The federal interests in resolving Plaintiff's claims are extremely weak. As discussed supra , Plaintiff's federal claims run afoul of sovereign immunity and the Complaint fails to articulate a basis for standing. Plaintiff's only remaining claims are matters of state law, and exclusively concern a regulatory apparatus designed to safely and efficiently distribute cannabis. The federal government has virtually no interest in the efficacy of this regulatory scheme because the Controlled Substances Act ("CSA"), 21 U.S.C. § 801, et seq. , outlaws the possession and distribution of marijuana. Under Burford , this Court must decline to MediGrow's invitation to "evaluate state law claims that are in direct conflict with the CSA." Left Coast Ventures Inc. v. Bill's Nursery Inc. , No. MJP-19-1297, 2019 WL 6683518, at *2 (W.D. Wash. Dec. 6, 2019). It is the Maryland courts, not the federal courts, who have an interest in ensuring that Maryland's medical cannabis licensing procedures operate in accordance with Maryland law. Accordingly, Counts IV, V, VI, VII, and VIII are DISMISSED WITHOUT PREJUDICE.

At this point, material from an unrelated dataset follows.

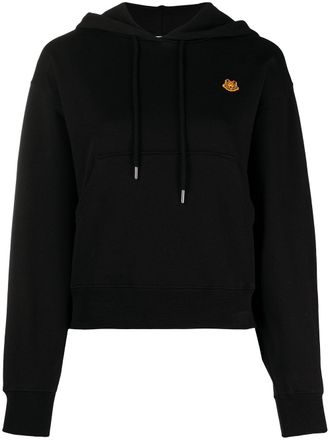 Kenzo Tiger patch hoodie - Black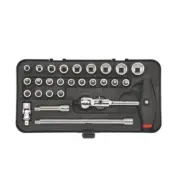 Wurth 1/4 Ball Head Socket Wrench Set (096501427) Multi-function Versatile 27PCE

IV. Leave to Amend is DENIED.

Plaintiff seeks leave to amend its Complaint to address the deficiencies discussed above. While Fed. R. Civ. P. 15(a) requires that leave to amend "shall be freely given when justice so requires," a district court may deny leave to amend "when the amendment would be prejudicial to the opposing party, the moving party has acted in bad faith, or the amendment would be futile." Equal Rights Center v. Niles Bolton Assocs. , 602 F.3d 597, 603 (4th Cir. 2010). As this Court has repeatedly explained, an amendment is futile if it would not survive a motion to dismiss. See, e.g. , Whitaker v. Ciena Corp. , RDB-18-0044, 2018 WL 3608777, at *3 (D. Md. July 27, 2018) (citing Tawwaab v. Virginia Linen Service, Inc. , 729 F. Supp. 2d 757, 770 (D. Md. 2010) ). In some cases, immunity to suit may render further amendment futile. See Usiak v. Brown, RDB-10-2374, 2011 WL 3705349, at *6 (D. Md. Aug. 23, 2011) (rejecting amendment as futile because qualified immunity shielded defendants).

The pleading deficiencies associated with Counts I and II cannot be corrected because they are barred by sovereign immunity. Count III is dependent upon Counts I and II. Accordingly, Counts I, II, and III are DISMISSED WITH PREJUDICE. This Court's jurisdiction over all remaining Counts are premised on the viability of the federal claims; therefore, no amendment can render those counts amenable to adjudication in federal court. Accordingly, Plaintiff's request for leave to amend is DENIED.

CONCLUSION

For the reasons stated above, Defendants’ Motion to Dismiss Plaintiff's Complaint (ECF No. 21) is GRANTED. Plaintiff's Complaint is DISMISSED in its entirety. Counts I, II, and III are DISMISSED WITH PREJUDICE because Plaintiff cannot overcome the Defendants’ Eleventh Amendment immunity. The remaining Counts (Counts IV, V, VI, VII, and VIII) are DISMISSED WITHOUT PREJUDICE.

A separate Order follows.


Summaries of

Medigrow, LLC v. Laprade

UNITED STATES DISTRICT COURT FOR THE DISTRICT OF MARYLAND
Sep 16, 2020
487 F. Supp. 3d 364 (D. Md. 2020)
Case details for

Medigrow, LLC v. Laprade

Case Details

Full title:MEDIGROW, LLC, Plaintiff, v. NATALIE M. LAPRADE MEDICAL CANNABIS…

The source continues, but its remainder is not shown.